North Carolina was one of several states to enact voting restrictions immediately after the Supreme Court struck down a critical part of the Voting Rights Act in 2013.
Last summer, however, the United States Court of Appeals for the Fourth Circuit found that five parts of the law "disproportionately affected African-Americans." The decision struck down voter identification provisions that "retained only those types of photo ID disproportionately held by whites and excluded those disproportionately held by African-Americans," a reduction in early voting from 17 days to 10 that eliminated one of two Sundays when black churches provided rides to the polls, an elimination of same-day registration and preregistration for some teenagers, and a ban on counting votes cast in the wrong precinct.
The Supreme Court declined to block the appeals court's ruling in response to an emergency appeal in September, but state Board of Elections officials nonetheless implemented parts of the law in the November elections. State officials asked again for review in December, but two months later, newly elected Democratic Governor Roy Cooper and Attorney General Josh Stein asked the Court to dismiss the state's petition. Lawyers for the General Assembly opposed that motion. On Monday, Chief Justice John Roberts wrote that the Court's decision not to grant review should not be read as an opinion on the merits of the case.
Republican lawmakers immediately announced plans to introduce a new voter ID bill, which could pass within 10 days. "Due to a gerrymander that has been found to be unconstitutionally racist," Slate reports, "Republicans dominate the state legislature and will likely override Cooper's inevitable veto."

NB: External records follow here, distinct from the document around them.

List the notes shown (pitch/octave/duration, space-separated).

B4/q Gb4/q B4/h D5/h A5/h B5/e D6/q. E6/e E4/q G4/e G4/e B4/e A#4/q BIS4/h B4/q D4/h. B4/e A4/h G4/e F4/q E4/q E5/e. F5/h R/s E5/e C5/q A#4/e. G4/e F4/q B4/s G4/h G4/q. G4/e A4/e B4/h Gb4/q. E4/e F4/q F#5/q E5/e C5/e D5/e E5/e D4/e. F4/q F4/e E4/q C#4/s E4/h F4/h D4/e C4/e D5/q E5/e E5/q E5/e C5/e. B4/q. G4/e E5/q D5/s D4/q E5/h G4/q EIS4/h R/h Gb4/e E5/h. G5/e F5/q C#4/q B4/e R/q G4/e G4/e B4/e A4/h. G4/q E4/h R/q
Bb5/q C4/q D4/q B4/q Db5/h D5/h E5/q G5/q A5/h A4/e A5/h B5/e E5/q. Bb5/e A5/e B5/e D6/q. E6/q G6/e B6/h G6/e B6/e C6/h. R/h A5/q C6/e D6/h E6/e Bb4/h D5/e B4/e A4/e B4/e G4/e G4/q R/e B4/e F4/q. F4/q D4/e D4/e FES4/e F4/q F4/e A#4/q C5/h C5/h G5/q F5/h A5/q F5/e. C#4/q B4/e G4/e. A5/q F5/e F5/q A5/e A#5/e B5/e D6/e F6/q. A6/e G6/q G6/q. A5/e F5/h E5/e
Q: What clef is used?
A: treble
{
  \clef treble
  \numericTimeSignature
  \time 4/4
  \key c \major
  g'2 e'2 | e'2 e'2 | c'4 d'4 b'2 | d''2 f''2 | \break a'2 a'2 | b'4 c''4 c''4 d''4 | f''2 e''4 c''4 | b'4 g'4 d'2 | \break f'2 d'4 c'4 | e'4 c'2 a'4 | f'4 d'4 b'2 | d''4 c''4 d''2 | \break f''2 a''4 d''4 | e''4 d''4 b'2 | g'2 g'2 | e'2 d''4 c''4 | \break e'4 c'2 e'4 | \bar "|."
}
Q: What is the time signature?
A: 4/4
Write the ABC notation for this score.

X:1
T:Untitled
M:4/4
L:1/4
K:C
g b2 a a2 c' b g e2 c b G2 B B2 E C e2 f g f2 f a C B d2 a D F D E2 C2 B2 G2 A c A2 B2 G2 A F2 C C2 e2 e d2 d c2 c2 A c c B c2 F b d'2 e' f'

To survive another court challenge, any new voter restrictions will need a better justification than lawmakers have offered to date. As the Fourth Circuit wrote, the state "failed to identify even a single individual who has ever been charged with committing in-person voter fraud in North Carolina." Instead, despite evidence of fraud in absentee voting by mail, which is used disproportionately by white voters, the legislature exempted absentee voting from the photo ID requirement.